» **WHAT YOU WILL DO**
In the entries below, find the line with "Шкода октавия 2007г серебристая" and the line with "Siloking MK 10T (2011) - Lopbarības mikseris: foto 1 Siloking"; reproduce those two lines and all lines between them exactly, without pictures.

» **INPUT**

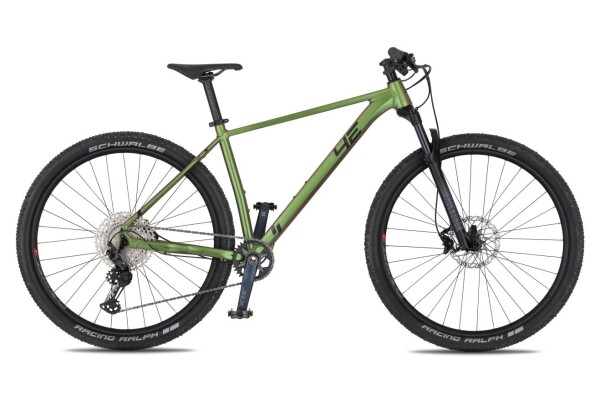 4EVER PRODIGY BOOST 29", rám 19" (L), model 2026, barva dragon green - ZDARMA dopravné, odborná montáž, seřízení, pojištění a dárkový poukaz na nákup příslušenství! (Záruka nejlepší ceny. Nalezli jste někde lepší cenu? Napište nám a zkusíme ji trumfn...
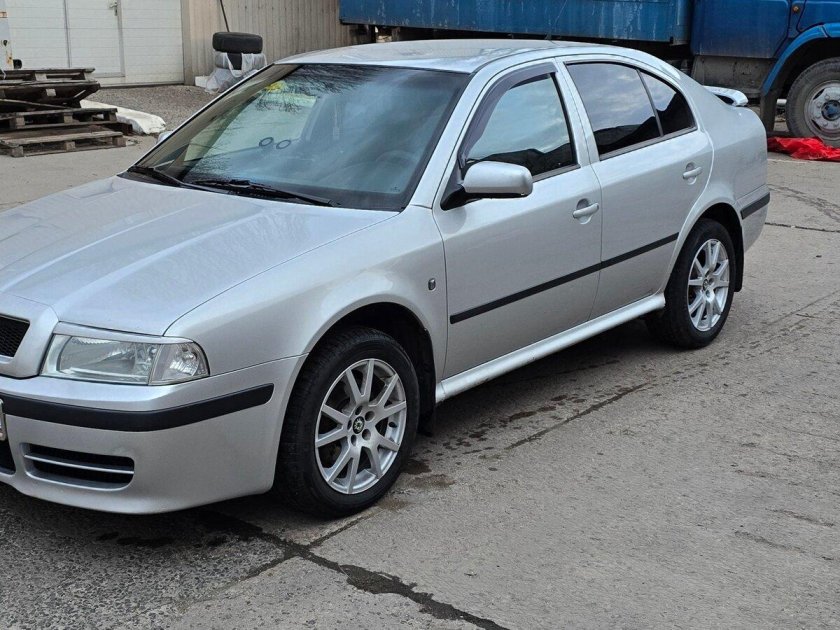 Шкода октавия 2007г серебристая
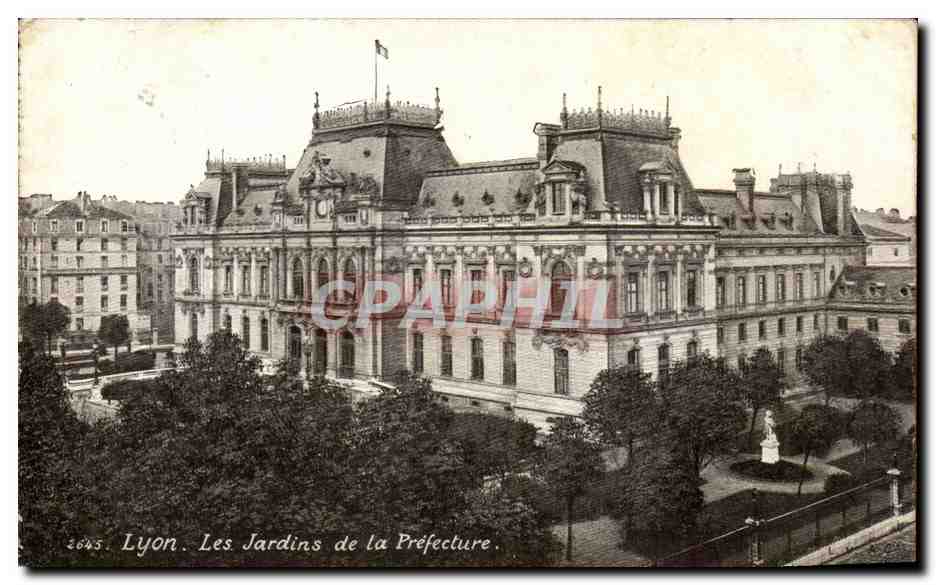 CPA Lyon Les Jardins De La Prefecture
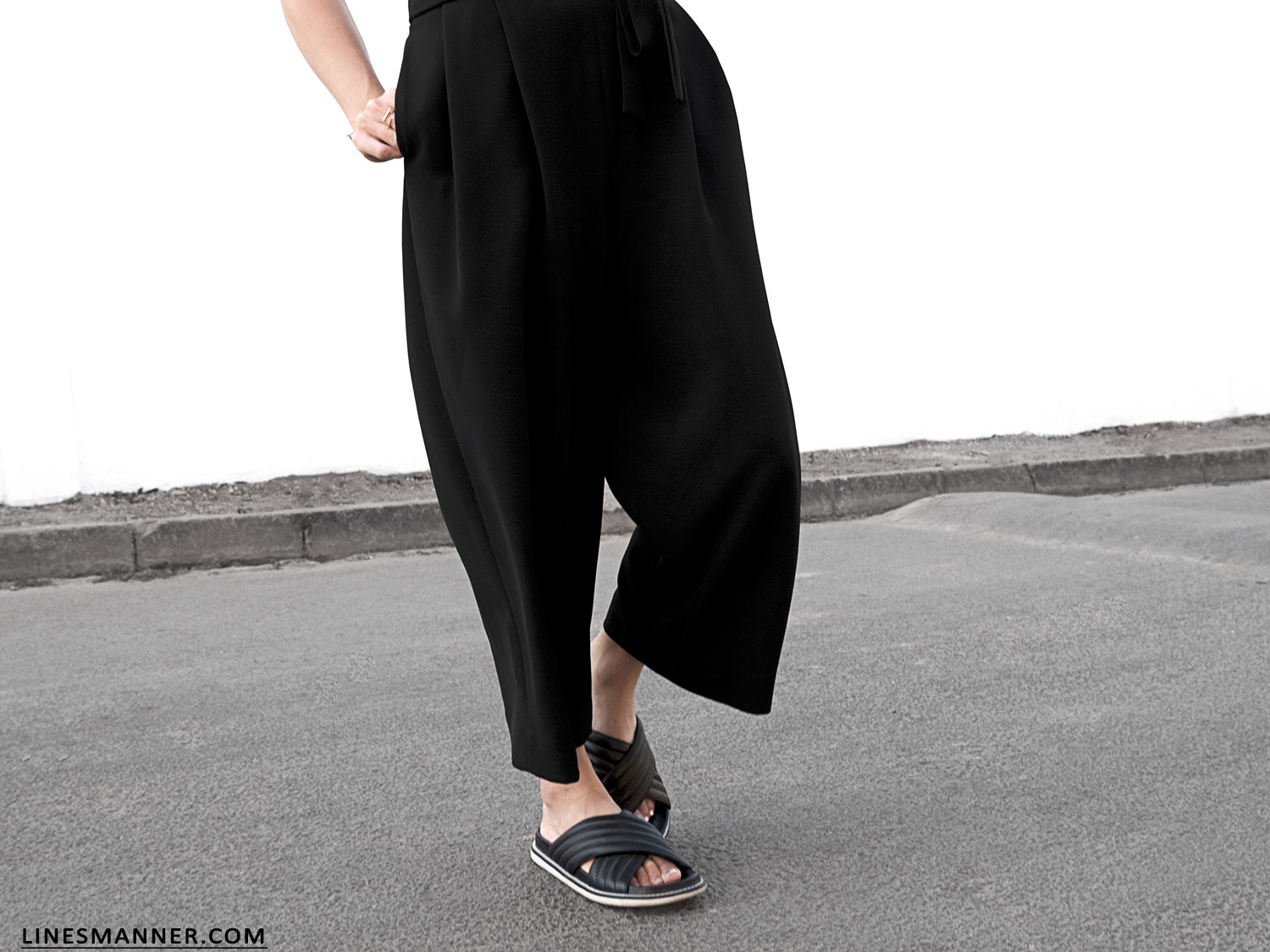 Lines-Manner-Monochrome-Black_and_White-Simplicity-Essentials-High_Waist-Design-Structured-Details-Bon_Label-9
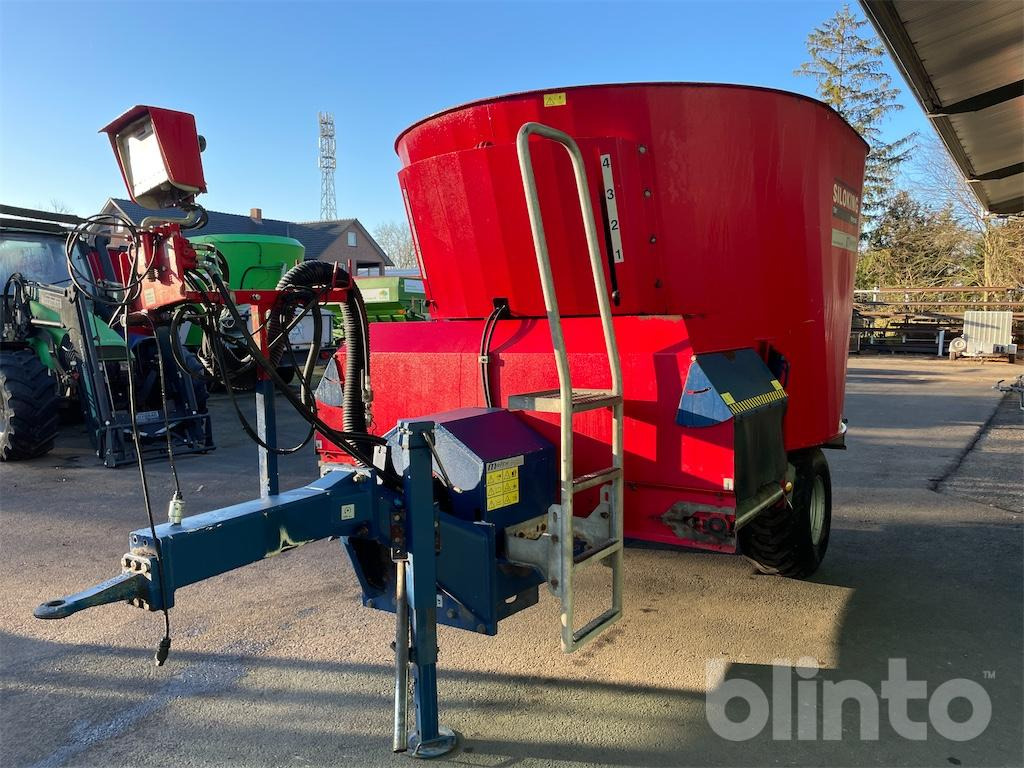 Siloking MK 10T (2011) - Lopbarības mikseris: foto 1 Siloking MK 10T (2011) - Lopbarības mikseris: foto 1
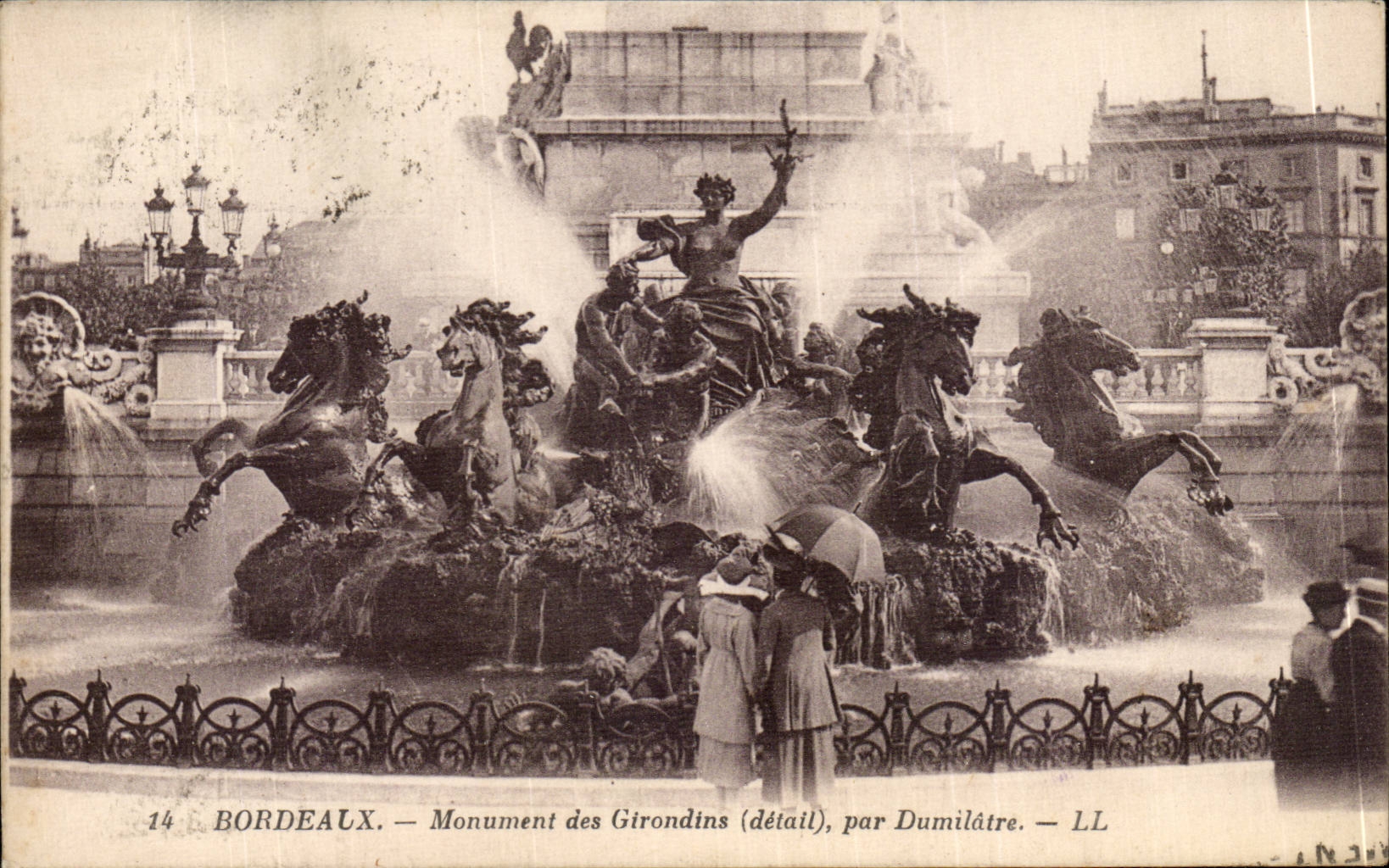 Bordeaux CPA Monument of Girondinspar Dumilatre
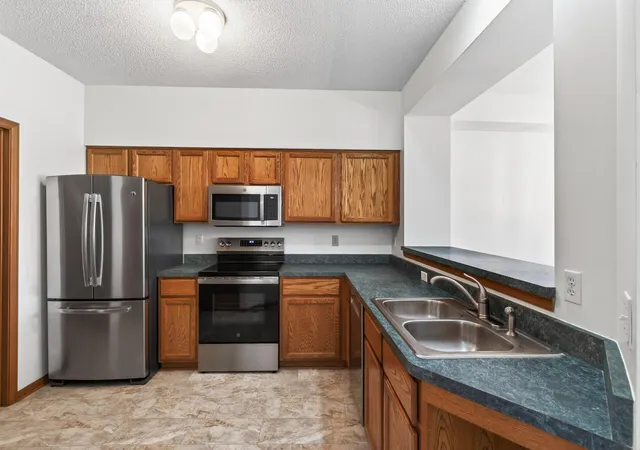 5th image of 2162 Water Lilly Ln #1002, Saint Paul, MN 55122 | MLS# 7069621
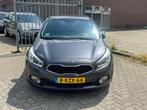 Kia Cee'd 1.6 GDI Business Pack 5 deurs! NL AUTO NAP! Navi l, Auto's, Voorwielaandrijving, Euro 5, Gebruikt, 4 cilinders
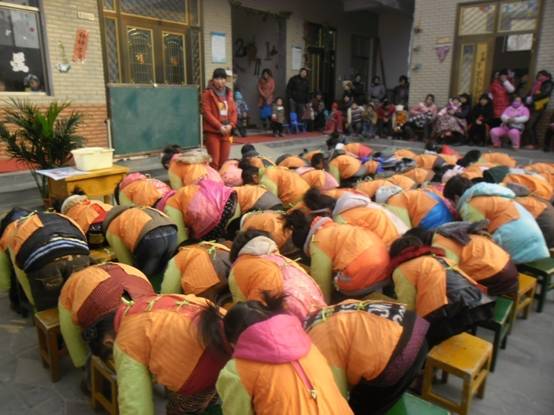 2012年12月11号郭小集红星幼儿园创新活动《弟子规》走进千家万户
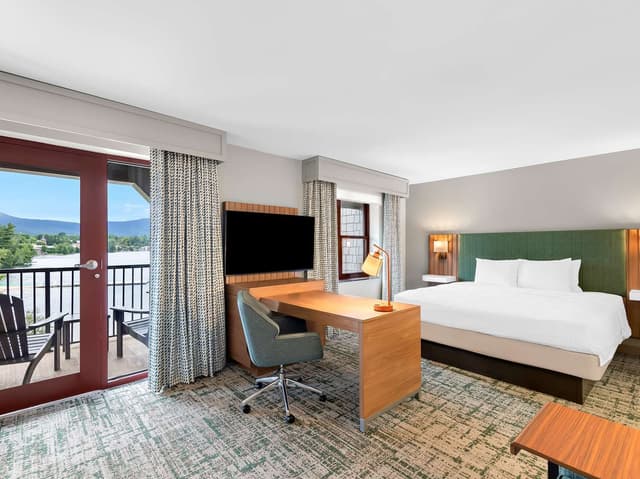 1 KNG LAKEVIEW STUDIO W/BALCONY/WETBAR NS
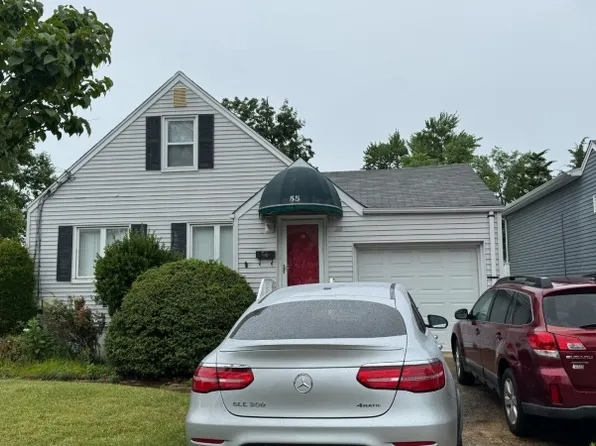 55 Stillman Ave, Bergenfield Boro, NJ 07621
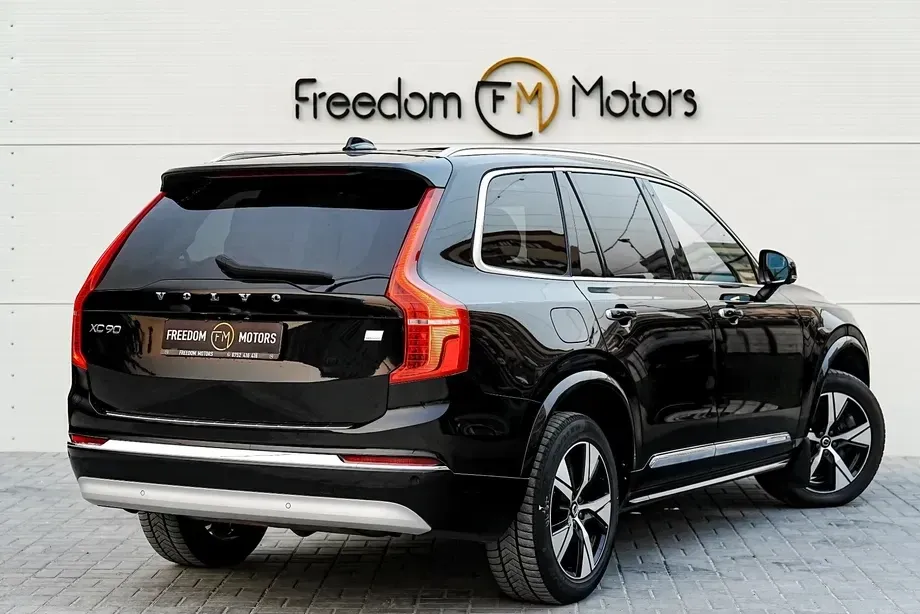 Volvo XC 90 II T8 AWD Recharge Ultimate Bright — imagine 4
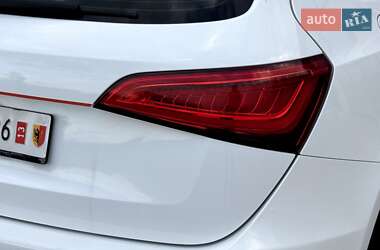 Внедорожник / Кроссовер Audi Q5 2009 в 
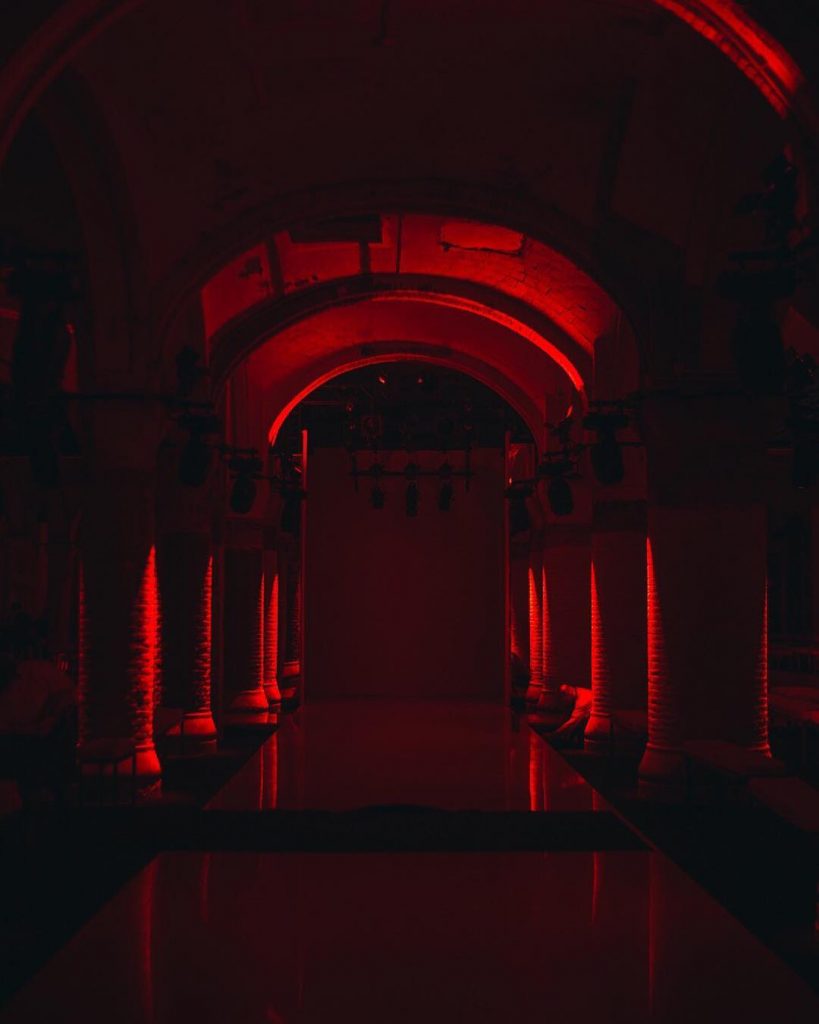 . . . . . . #barcelona #080 #moda #pic #red #day #photography&hellip;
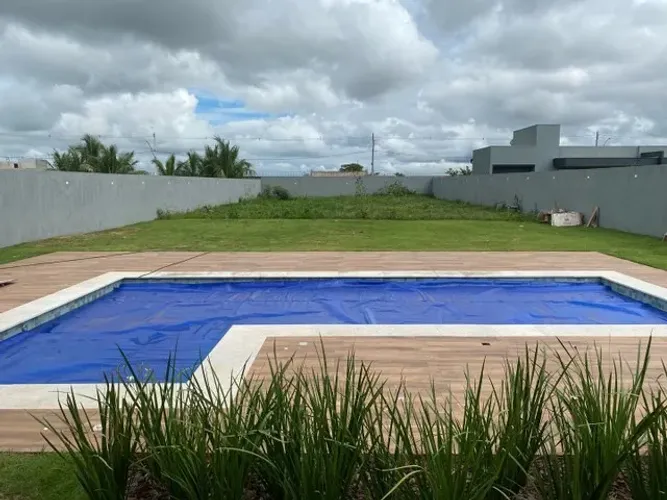 Vendo casa condomínio Uberaba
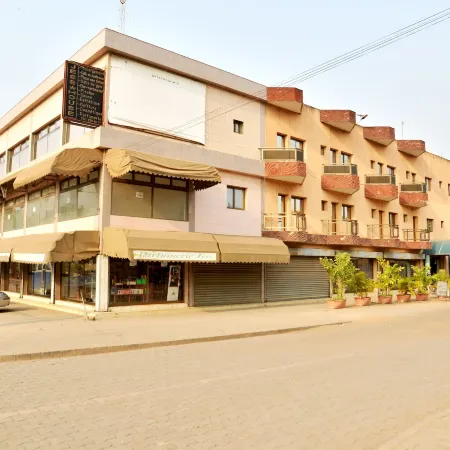 Jess Hotel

» **OUTPUT**
 Шкода октавия 2007г серебристая
 CPA Lyon Les Jardins De La Prefecture
 Lines-Manner-Monochrome-Black_and_White-Simplicity-Essentials-High_Waist-Design-Structured-Details-Bon_Label-9
 Siloking MK 10T (2011) - Lopbarības mikseris: foto 1 Siloking MK 10T (2011) - Lopbarības mikseris: foto 1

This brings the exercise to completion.